Monday, March 01, 2010

How to make a negative campaign sound positive

‘Vote for change’ – it sounds wonderful. Change, you say? And little old me gets to vote for it? Sign me up!

But think about it. It’s in fact the very emptiest slogan that an opposition party could use. It says nothing at all about what that change might be. The Lib Dems could use this slogan, the Greens and the BNP could use it, the Natural Law Party and Mebyon Kernow (the Cornish separatists) could use it.

All the slogan communicates is that the way things are is bad – and it doesn’t even say why. It implicitly invites you to picture Gordon Brown and whether you want to gaze at him on TV and listen to his dulcet tones for another four or five years.

‘Vote for change’ sounds like a generous offer. But it’s just a subtle attack, and it’s an unsurprising tactic from a party that finds its poll lead shrinking the more scrutiny it faces. Consider the rallying call at the end of David Cameron’s speech yesterday:

And as you go out there and campaign, I want you to do it fortified with two things in your mind. The first is that every day Gordon Brown is running this country is a grey day for Britain. Every day he is in charge is another day we're not gripping our problems, another day we are wasting our opportunities, another day when this country is not being all that it could be. But I also want you to think of this, to think of the great changes we can make in this country.
We're an amazing people in this country, when we get knocked down, we don't roll over and die, we get up and fight. So as you go out and campaign, I want you to think of the small businessman who's got a great dream to make his business take on the world and win it for him. I want you to think of the mother with the young child desperate for a great school, so that her child can fulfil all her dreams and ambitions, and win it for her. I want you to think of the nurse, of the doctor, of the teacher, of the probation officer, all of whom went into public service with a great vocation, but feel crushed by the weight of bureaucracy and government targets, who we're going to set free, and I want you to win it for them.
And while you do it, I want you to think of the incredible dark depression of another five years of Gordon Brown and say no, no, we're not going to do that, so come on then, let's get out there and win it for Britain!

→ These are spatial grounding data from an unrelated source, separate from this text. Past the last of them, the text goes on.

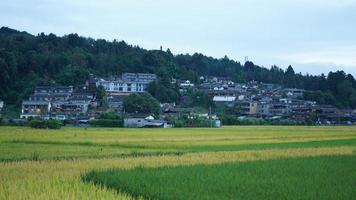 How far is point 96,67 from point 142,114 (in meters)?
34.4

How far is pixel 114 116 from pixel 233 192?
151 ft

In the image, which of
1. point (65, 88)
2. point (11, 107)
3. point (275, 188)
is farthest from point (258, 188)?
point (65, 88)

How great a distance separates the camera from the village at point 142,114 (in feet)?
205

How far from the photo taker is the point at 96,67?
A: 3671 inches

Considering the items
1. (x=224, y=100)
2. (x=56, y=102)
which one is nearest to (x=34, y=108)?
(x=56, y=102)

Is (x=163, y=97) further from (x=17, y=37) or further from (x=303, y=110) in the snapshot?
(x=17, y=37)

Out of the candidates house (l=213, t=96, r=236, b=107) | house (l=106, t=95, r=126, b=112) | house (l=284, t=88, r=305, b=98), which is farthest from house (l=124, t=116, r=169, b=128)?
house (l=284, t=88, r=305, b=98)

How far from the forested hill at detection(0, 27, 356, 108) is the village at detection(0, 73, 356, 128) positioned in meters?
3.96

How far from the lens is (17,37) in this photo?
304 ft

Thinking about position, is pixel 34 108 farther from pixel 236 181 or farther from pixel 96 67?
pixel 236 181

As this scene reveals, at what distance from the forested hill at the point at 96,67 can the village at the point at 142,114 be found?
3962 millimetres

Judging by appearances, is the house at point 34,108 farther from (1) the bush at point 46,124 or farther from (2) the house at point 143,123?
(1) the bush at point 46,124

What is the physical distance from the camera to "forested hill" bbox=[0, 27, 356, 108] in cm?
7605

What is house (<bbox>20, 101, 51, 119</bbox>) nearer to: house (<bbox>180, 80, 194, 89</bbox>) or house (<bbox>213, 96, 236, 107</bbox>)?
house (<bbox>180, 80, 194, 89</bbox>) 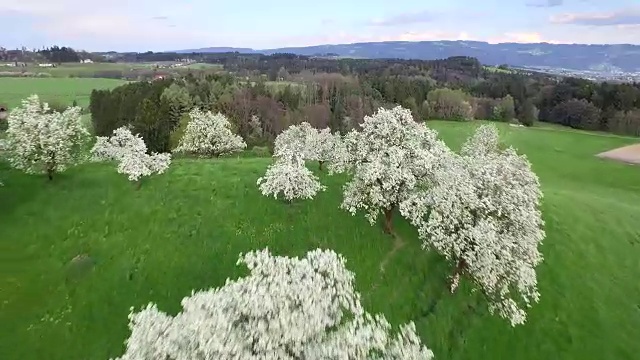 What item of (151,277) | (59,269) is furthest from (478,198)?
(59,269)

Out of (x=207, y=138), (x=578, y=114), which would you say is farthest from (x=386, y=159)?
(x=578, y=114)

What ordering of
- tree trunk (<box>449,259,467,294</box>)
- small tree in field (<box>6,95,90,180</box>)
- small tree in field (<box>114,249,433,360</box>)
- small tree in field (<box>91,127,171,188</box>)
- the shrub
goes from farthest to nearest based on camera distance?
the shrub → small tree in field (<box>91,127,171,188</box>) → small tree in field (<box>6,95,90,180</box>) → tree trunk (<box>449,259,467,294</box>) → small tree in field (<box>114,249,433,360</box>)

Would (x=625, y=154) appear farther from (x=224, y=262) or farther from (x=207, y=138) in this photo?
(x=224, y=262)

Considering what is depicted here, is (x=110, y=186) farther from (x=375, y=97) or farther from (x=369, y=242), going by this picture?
(x=375, y=97)

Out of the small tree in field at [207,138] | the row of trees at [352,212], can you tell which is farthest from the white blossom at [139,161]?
the small tree in field at [207,138]

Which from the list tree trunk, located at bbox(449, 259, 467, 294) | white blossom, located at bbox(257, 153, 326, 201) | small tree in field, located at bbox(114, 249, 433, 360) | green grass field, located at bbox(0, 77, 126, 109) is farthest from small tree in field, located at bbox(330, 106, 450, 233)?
green grass field, located at bbox(0, 77, 126, 109)

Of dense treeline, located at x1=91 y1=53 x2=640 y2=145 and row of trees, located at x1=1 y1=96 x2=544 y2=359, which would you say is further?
dense treeline, located at x1=91 y1=53 x2=640 y2=145

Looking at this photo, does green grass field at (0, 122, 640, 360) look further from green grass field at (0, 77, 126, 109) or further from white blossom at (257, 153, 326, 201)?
green grass field at (0, 77, 126, 109)

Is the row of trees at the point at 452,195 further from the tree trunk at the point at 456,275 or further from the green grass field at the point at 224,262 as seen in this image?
the green grass field at the point at 224,262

So: first of all, Brown is awful. Second, there are nice people who would like things to be nicer. Oh, and did I mention Brown is awful? Huzzah for Britain!

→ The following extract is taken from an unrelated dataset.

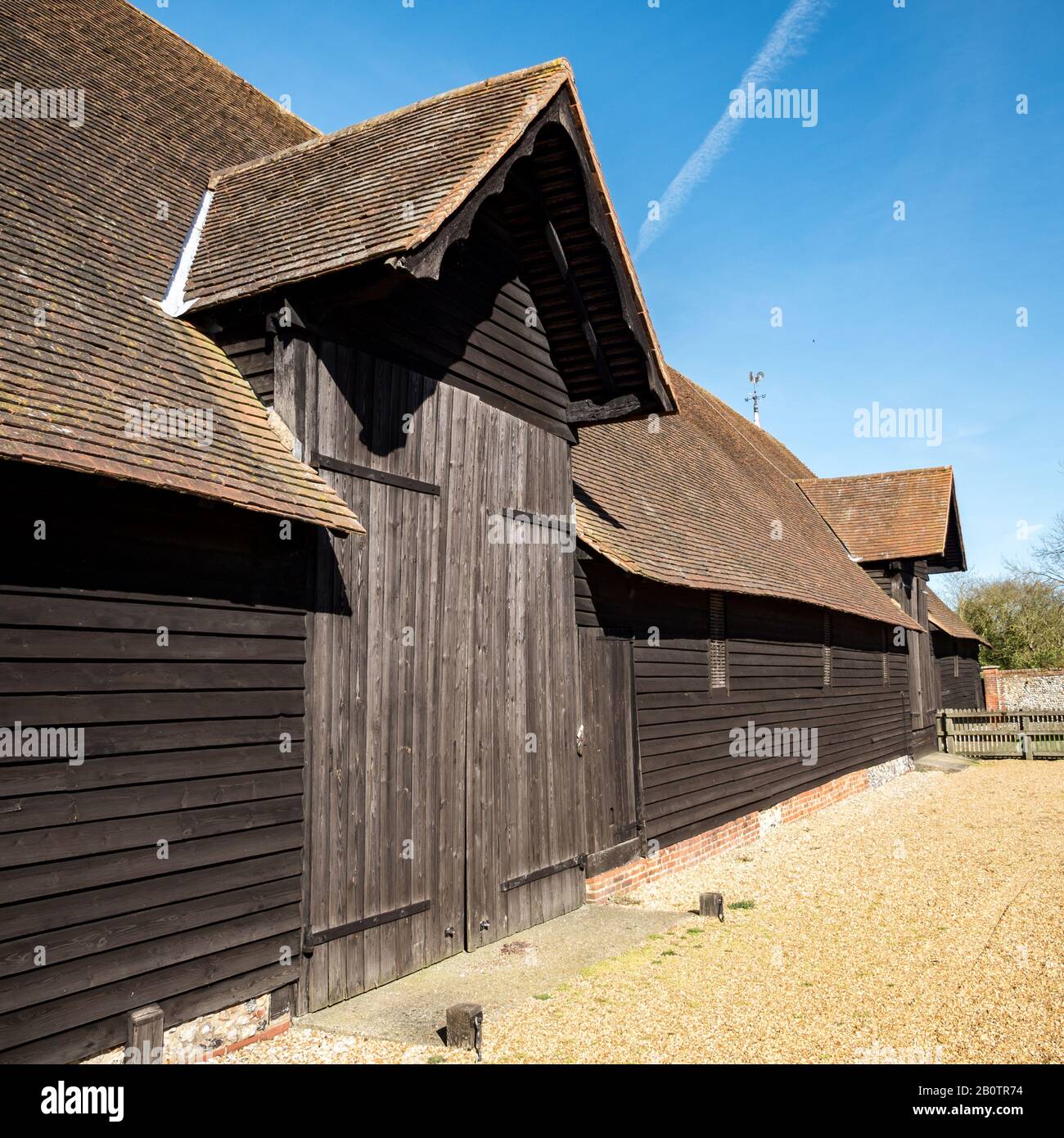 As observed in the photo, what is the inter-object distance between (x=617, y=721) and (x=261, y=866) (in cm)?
533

(Of course, as the election gets nearer, we can expect much more overtly negative campaigning from all sides. It's enough to make you want to hide under a rock until it's over...)


Chris said...

I thought 'dark depression' was both more overtly negative and pretty tacky.

Tom Freeman said...

OMG (as they say on the interwebs) - that hadn't even occurred to me.

Chris said...

'that hadn't even occurred to me'

I probably wouldn't have twigged if I didn't foolishly read the comments on certain sites. That's probably not entirely unconnected with why their slip is showing - not so much that they listen to Tory bloggers and blog commentators as they think that what is appealing and obvious to those people is universally appealing. Even when it does rate, it's a very shallow appeal.